[Toybox] project goals (was Re: sed -e '$a\')

Rob Landley rob at landley.net
Fri Apr 15 16:12:34 PDT 2016


On 04/15/2016 04:26 AM, Andy Chu wrote:
> (answering these old mails in chronological order... I was working
> heads down on the shell for 2 weeks, hence the silence)

I need to do that. I have open reply windows from that far back just on
this machine (which was reinstalled recently).

> On Sat, Mar 26, 2016 at 1:00 AM, Rob Landley <rob at landley.net> wrote:
>>
>>
>> On 03/26/2016 01:36 AM, Andy Chu wrote:
>>>> The problem to solve here is that Debian is currently broken when using
>>>> toybox. That's a real problem that needs to be fixed, but there's more
>>>> than one way to fix it. Debian introduced this bug within the past few
>>>> years and maybe we can convince them to fix it on their end, that's one
>>>> possible fix.
>>>
>>> What's the goal of toybox with respect to Debian?  I looked through
>>> the design and roadmap pages and didn't see much about Debian
>>> specifically.
>>
>> I take it you haven't read http://landley.net/aboriginal/about.html
>> (specficially http://landley.net/aboriginal/about.html#hairball ).
> 
> I think there is a good point here, to have a universal foundation and
> root of trust for different distros, although I wonder what work has
> been done toward this goal?

In what way?

When I started poking at busybox 15 years ago, it did not hold weight.

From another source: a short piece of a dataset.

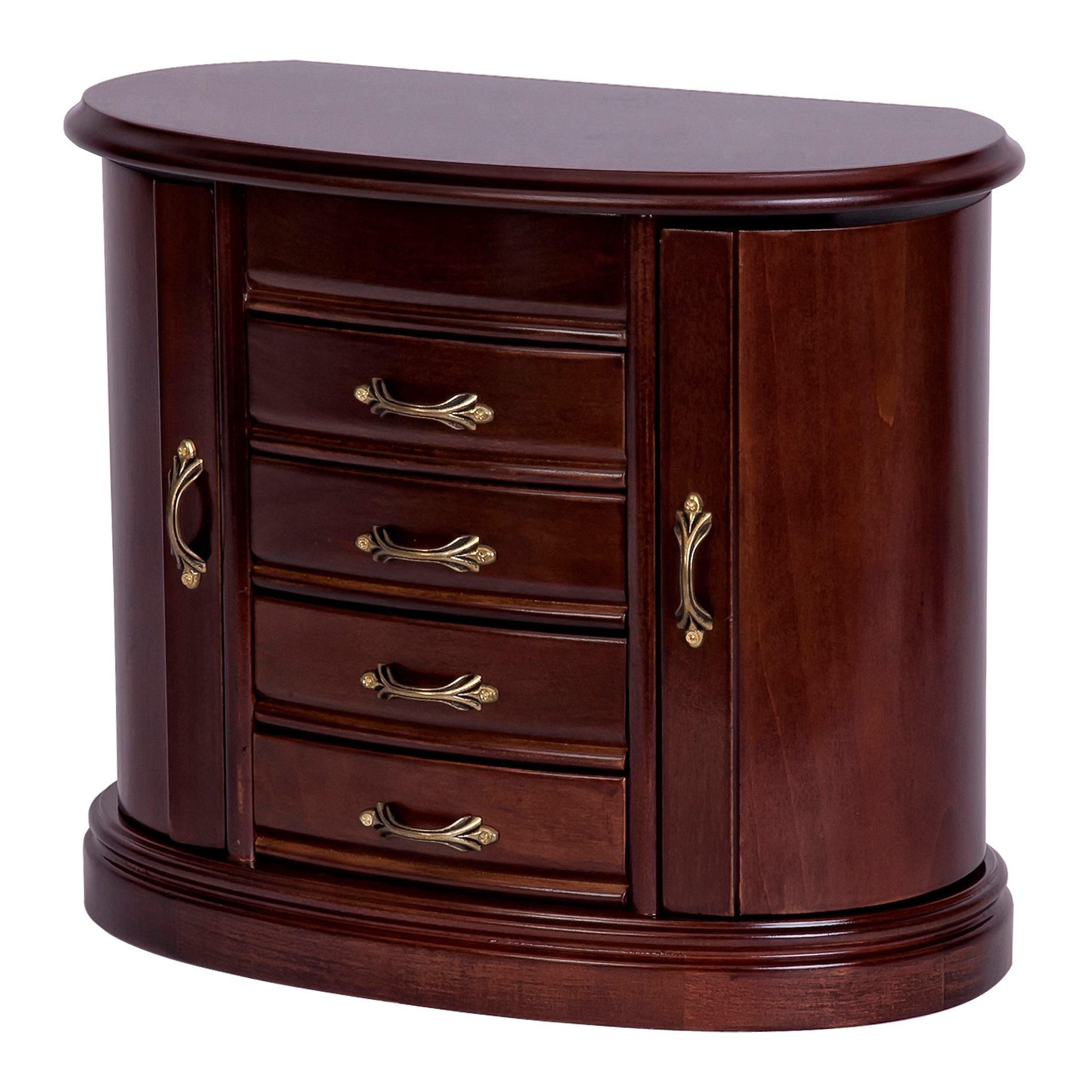 Heloise Wooden Jewelry Box (Walnut) (10.875"H x 13"W x 6.375"D)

I
eventually rewrote about 1/3 of it from scratch, and it took a lot of
poking even after I left until Aboriginal Linux 1.0 did what it set out
to do: rebuild itself under itself, and build linux from scratch under
the result the same way on a half-dozen architectures. That provides a
known working reference environment, if a bit stale in places (toolchain
especially).

Then I started over with toybox, and I'm still working on that. It's
more than halfway done, not sure how much more. (It's not just commands,
it's infrastructure.) I admit my $DAYJOB the past year and a half has
been a bit more interesting than the previous few, but I'm still
grinding away on this as fast as I can.

I documented "next steps" on the aboriginal about page. Untangling
hairball builds and bootstrapping distros are more or less the same
thing seem from two perspectives, but that whole can of worms comes
_after_ I replace busybox 100% with toybox in the existing build.

But since Android is already using toybox, there's an existing userbase
that pulls in a different direction than that, and there's also "if you
don't do $X now, we'll install $Y which is much more difficult to
displace later". (It's not a _requirement_ that android use toybox
implementations of stuff, for example I wasn't fighting their shell
decision, but it would be nice.)

And on top of that there's $DAYJOB which needs nommu versions of stuff
to replace old uclinux versions, plus the general j-core todo items ala
"resurrecting the superh architecture" on lwn.net (or our newer
http://j-core.org/ELC-2016.pdf talk which should have an associated
video whenever the linux foundation gets around to posting them.)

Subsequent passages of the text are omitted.